> Work required
Below are entries; repeat exactly, and nothing else, the lines from the one holding "BOATNECK PLEATED SQUARE" through the one holding "Image 23 of 49 For 14825 Crescent Rock Drive", inclusive. Leave the pictures out.

*** Opening Input data ***

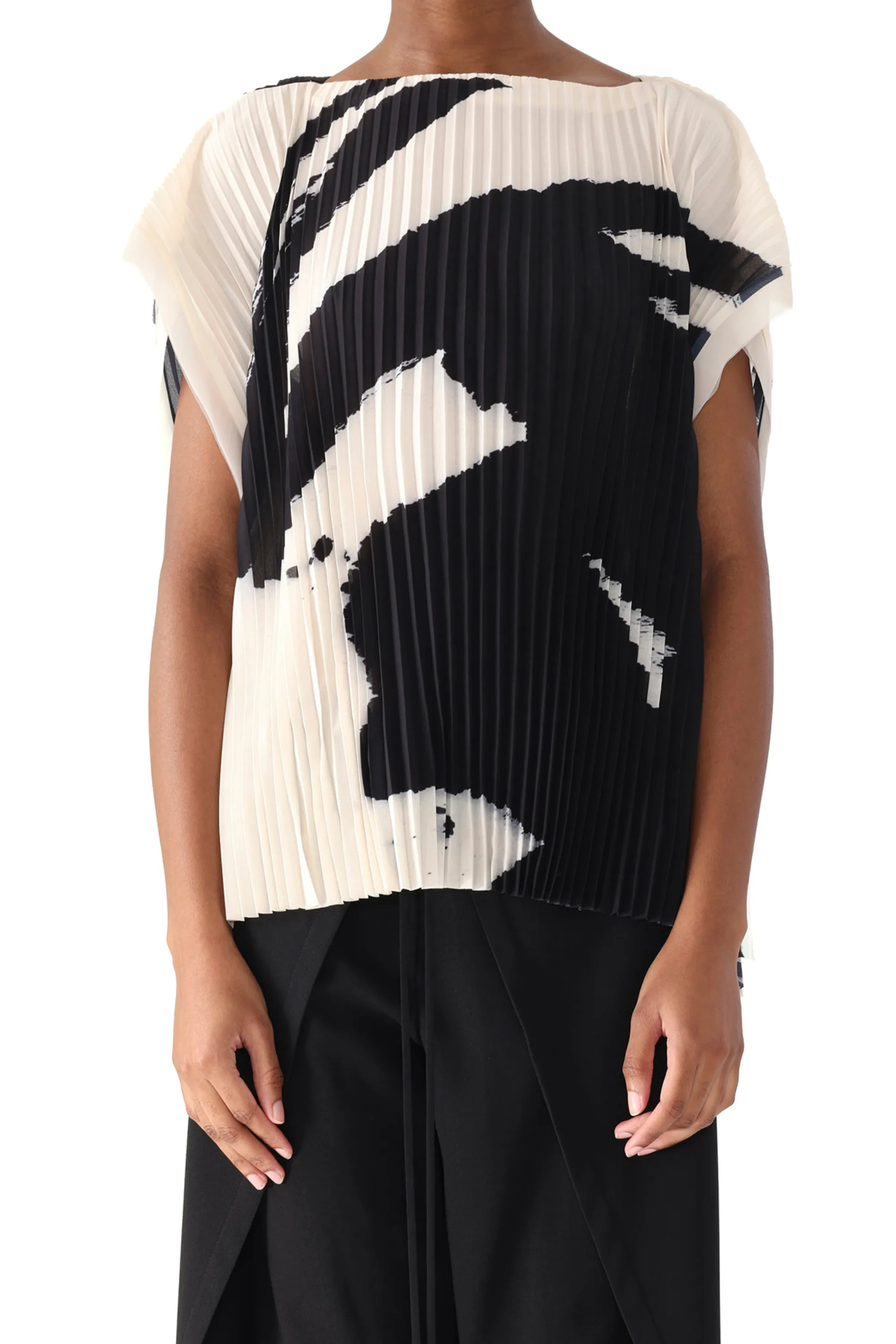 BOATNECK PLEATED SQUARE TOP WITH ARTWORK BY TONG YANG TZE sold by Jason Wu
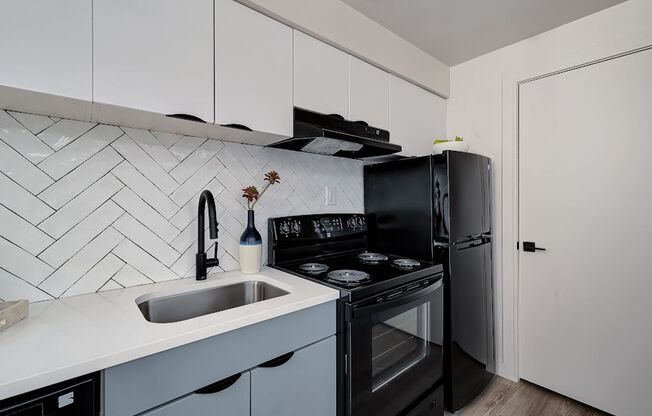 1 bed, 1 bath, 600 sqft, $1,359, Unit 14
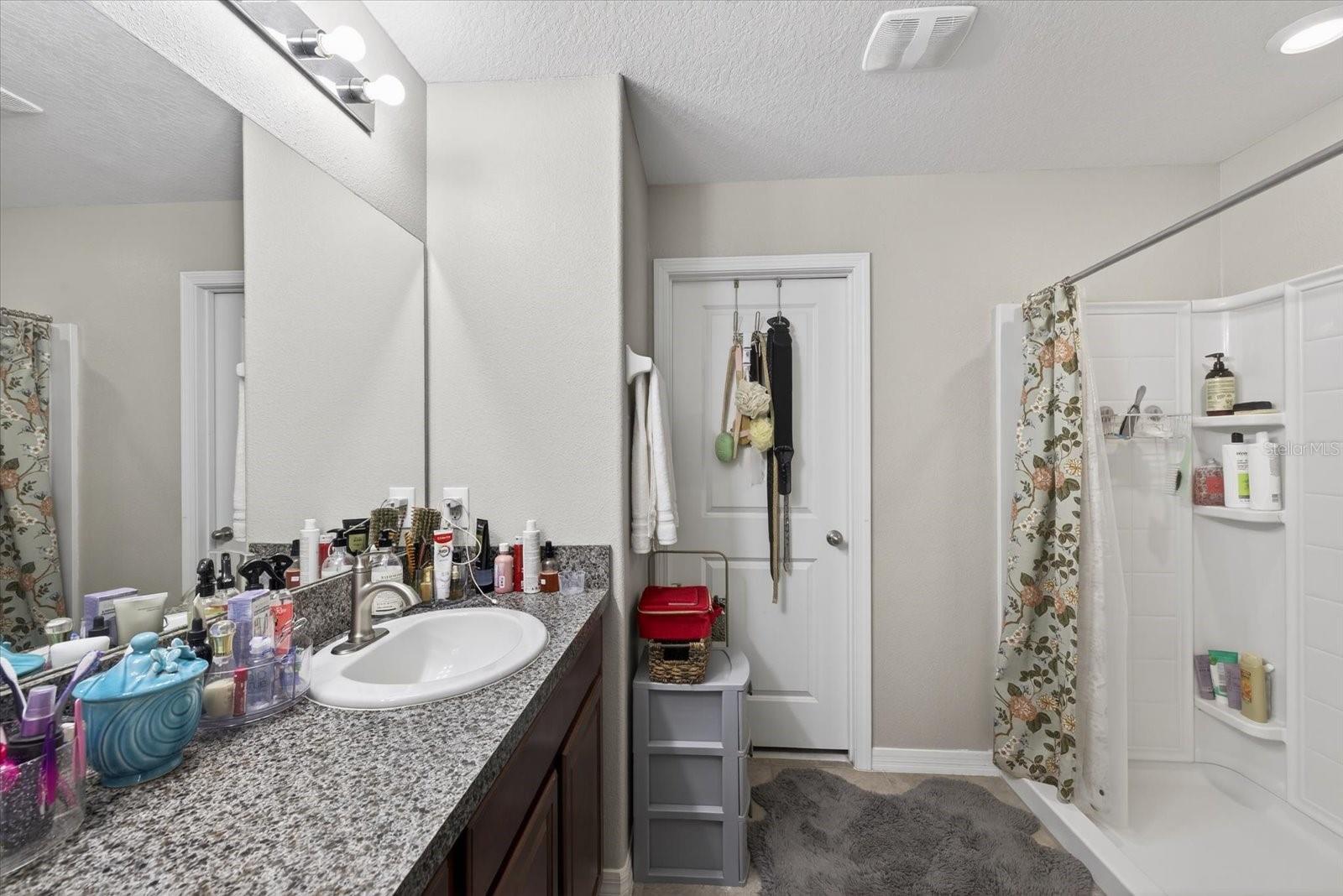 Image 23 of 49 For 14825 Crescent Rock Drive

*** Closing Input data ***
*** Opening Input data ***

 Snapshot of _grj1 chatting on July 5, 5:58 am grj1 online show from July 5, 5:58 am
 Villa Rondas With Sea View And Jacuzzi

*** Closing Input data ***

> Written response
 BOATNECK PLEATED SQUARE TOP WITH ARTWORK BY TONG YANG TZE sold by Jason Wu
 1 bed, 1 bath, 600 sqft, $1,359, Unit 14
 Image 23 of 49 For 14825 Crescent Rock Drive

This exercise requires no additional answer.